President: Our people are not as enthusiastic about aid, but I will do my best to get adequate levels. The attacks on aid are not just aimed at Vietnam, but across the board. When I first came to Congress, the aid bill was $7 billion.

Kissinger: Which would be $15 billion now.

President: But there was strong support for it.

[Page 570]

Kissinger: And it shows if you start strong you can taper off.

Bac: We are making that point too.

President: What is the current situation in Vietnam?

Bac: It is difficult, but not critical. The economy measures are difficult. We have to cut down on our use of ammunition and so on, and that is costly in terms of casualties. The most intense conflict is around Kontum and the supply line.

Kissinger: The Vietnamese strategic problem is they must defend a 400-mile border and the Communists can hit anywhere.

President: How is the military morale?

Bac: It is good in the regular forces, but has been affected in the regional forces. What we don’t know is whether we should use all we have now or be cautious.

Kissinger: We will try to get you what you need. You know of the American baseball manager, Leo Durocher, who said “Nice guys finish last.”

President: How is the economy in Vietnam?

Bac: Our inflation is about 30 percent but it is not so catastrophic as the kind in Africa and Italy. The country is basically rich in resources, and in a year or two we should be self-sufficient in rice.

President: Are you close now?

Phuong: Yes, and in some areas the Communists prohibit collection and try to drain it off.

Bac: There should be good crops this year, and our oil prospects are good.
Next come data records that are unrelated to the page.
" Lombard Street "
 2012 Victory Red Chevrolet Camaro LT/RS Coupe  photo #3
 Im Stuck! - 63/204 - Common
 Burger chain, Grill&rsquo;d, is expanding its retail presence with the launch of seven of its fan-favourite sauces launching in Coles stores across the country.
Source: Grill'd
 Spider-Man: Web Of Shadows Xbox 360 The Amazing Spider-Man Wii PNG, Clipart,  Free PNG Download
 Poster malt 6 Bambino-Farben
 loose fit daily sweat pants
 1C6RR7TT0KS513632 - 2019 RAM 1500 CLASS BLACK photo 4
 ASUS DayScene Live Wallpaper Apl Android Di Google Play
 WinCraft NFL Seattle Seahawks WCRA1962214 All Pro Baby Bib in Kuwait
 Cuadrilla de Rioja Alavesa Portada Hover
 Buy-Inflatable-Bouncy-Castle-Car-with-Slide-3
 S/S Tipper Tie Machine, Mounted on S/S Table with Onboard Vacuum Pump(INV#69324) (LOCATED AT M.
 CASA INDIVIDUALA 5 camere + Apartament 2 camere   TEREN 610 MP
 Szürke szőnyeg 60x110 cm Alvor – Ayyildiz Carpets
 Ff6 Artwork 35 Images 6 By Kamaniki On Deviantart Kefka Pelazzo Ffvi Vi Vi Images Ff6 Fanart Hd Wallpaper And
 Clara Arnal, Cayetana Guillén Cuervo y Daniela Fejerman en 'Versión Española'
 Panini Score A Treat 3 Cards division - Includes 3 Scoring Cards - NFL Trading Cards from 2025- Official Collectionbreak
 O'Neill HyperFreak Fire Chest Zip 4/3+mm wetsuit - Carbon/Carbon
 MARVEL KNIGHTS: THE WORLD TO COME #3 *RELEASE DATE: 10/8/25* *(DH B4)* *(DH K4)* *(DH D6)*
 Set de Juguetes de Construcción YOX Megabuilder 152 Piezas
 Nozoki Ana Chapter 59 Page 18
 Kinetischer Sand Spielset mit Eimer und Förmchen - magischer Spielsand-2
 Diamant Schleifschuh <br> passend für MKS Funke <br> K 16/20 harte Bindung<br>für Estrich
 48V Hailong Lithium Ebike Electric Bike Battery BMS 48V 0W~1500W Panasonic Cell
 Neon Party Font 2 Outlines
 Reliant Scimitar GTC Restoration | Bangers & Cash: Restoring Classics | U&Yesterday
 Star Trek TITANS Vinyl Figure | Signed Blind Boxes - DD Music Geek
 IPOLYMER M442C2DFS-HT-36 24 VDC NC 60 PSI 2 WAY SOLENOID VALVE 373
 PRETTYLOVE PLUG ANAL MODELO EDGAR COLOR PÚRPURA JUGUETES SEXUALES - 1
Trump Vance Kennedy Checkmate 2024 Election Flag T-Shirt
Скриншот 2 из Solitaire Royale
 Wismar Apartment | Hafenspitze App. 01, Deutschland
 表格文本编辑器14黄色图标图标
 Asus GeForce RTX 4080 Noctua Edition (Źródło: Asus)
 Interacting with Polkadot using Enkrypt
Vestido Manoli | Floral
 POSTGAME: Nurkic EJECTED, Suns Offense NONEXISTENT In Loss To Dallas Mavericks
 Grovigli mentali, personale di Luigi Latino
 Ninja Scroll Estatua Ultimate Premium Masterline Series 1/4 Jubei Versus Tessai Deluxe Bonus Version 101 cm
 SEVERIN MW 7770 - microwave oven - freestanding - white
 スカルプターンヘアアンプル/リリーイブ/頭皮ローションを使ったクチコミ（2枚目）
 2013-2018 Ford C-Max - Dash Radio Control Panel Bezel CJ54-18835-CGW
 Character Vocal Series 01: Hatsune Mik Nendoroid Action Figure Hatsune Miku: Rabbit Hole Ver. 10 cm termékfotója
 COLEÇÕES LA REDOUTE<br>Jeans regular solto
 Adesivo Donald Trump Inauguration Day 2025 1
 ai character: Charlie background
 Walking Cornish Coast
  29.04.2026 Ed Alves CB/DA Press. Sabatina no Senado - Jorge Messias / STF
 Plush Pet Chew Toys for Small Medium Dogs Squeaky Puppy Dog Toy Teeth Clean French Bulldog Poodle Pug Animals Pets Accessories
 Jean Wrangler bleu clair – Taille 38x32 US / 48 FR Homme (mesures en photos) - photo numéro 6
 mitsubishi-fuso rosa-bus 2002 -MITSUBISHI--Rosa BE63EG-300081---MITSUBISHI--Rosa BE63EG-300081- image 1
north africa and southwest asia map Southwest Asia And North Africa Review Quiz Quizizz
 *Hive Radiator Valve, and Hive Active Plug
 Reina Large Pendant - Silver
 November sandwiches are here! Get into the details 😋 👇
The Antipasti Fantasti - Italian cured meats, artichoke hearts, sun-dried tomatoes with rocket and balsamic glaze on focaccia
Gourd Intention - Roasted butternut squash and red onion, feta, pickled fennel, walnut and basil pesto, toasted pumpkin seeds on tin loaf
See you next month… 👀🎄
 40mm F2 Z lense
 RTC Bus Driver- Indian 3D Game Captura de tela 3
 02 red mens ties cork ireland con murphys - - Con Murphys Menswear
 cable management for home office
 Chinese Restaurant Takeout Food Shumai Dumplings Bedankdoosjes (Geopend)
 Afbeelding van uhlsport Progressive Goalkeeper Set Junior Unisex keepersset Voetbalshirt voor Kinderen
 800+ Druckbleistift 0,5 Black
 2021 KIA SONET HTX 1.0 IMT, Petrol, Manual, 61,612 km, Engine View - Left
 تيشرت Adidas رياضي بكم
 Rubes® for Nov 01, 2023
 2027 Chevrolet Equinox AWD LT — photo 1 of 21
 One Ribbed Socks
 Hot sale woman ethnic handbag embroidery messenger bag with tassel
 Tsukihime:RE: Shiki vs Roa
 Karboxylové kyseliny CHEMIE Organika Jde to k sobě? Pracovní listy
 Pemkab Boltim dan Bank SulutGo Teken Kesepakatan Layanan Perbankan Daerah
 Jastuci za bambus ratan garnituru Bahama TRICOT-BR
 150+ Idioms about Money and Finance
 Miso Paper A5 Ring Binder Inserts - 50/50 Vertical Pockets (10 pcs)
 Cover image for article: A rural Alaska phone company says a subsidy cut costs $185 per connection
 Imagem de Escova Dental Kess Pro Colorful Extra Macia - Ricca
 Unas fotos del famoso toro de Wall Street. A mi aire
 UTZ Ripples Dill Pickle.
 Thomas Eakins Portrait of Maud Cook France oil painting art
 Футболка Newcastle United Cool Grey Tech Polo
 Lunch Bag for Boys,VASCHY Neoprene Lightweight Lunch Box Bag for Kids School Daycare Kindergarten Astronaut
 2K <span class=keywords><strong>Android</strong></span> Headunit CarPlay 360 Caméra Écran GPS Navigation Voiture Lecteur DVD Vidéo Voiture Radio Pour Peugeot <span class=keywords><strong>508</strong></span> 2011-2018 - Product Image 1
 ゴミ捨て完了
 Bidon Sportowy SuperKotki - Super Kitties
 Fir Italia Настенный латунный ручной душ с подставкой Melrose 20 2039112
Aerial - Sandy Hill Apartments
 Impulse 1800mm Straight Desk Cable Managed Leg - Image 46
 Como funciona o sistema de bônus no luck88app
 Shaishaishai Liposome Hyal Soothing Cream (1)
Kissinger: We may have to have a confrontation on oil prices! Negotiations with the North Vietnamese in the morning and the South Vietnamese in the afternoon is a wearing experience.

Bac: We should know soon whether oil is present in commercial quantities. The companies are sanguine, but that won’t solve our current problems.

I’m trying to get increased aid now. I have visited Japan, and am going to France and Germany. All together last year we got about $100 million. It was substantial, but not compared to US levels.

President: We will do our best. We admire President Thieu and want to be a good partner.

Bac: President Thieu just heard that you will visit Japan and Korea soon. We would like to invite you to visit Vietnam on the way.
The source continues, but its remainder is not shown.